__REQUIRED ACTION__: Return the lines of the material below exactly, beginning with the line that has "Cruisers at Play - Cruise Door Magnet" in it and finishing with the line that has "Walking Mum Matelas" in it. Leave all pictures aside.

__MATERIALS PROVIDED__:
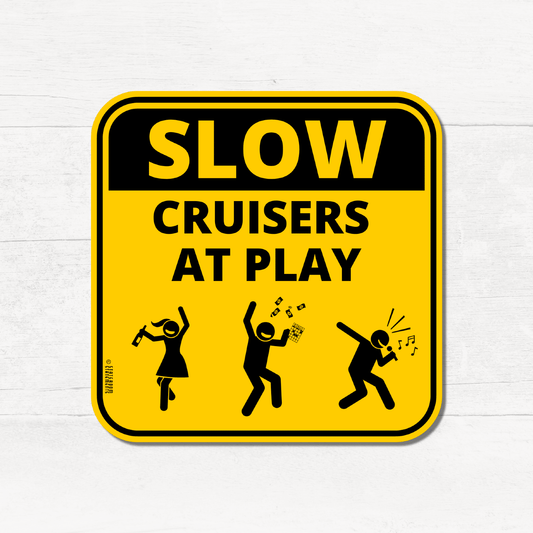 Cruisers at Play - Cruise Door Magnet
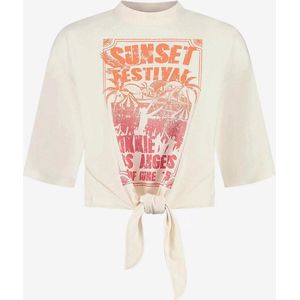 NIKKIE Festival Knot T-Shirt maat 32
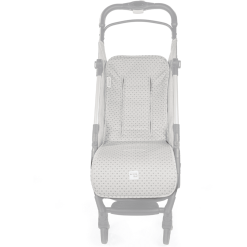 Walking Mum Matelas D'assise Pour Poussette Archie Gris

...

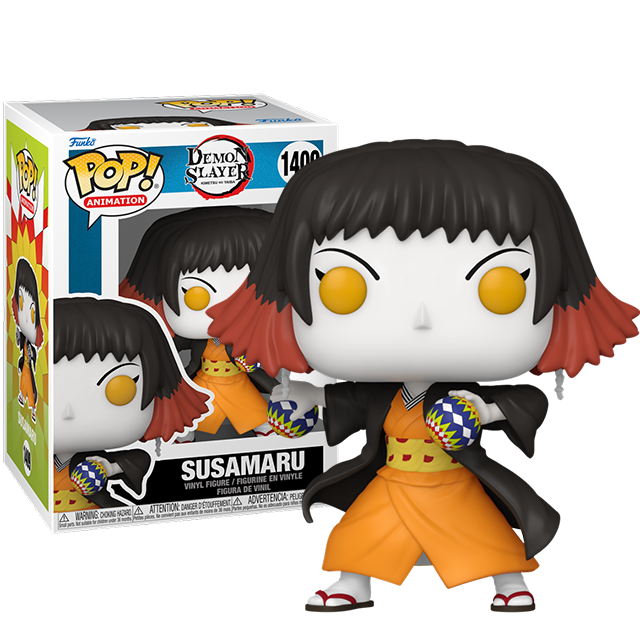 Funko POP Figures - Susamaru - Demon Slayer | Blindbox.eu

__SOLVED EXERCISE__:
 Cruisers at Play - Cruise Door Magnet
 NIKKIE Festival Knot T-Shirt maat 32
 Walking Mum Matelas D'assise Pour Poussette Archie Gris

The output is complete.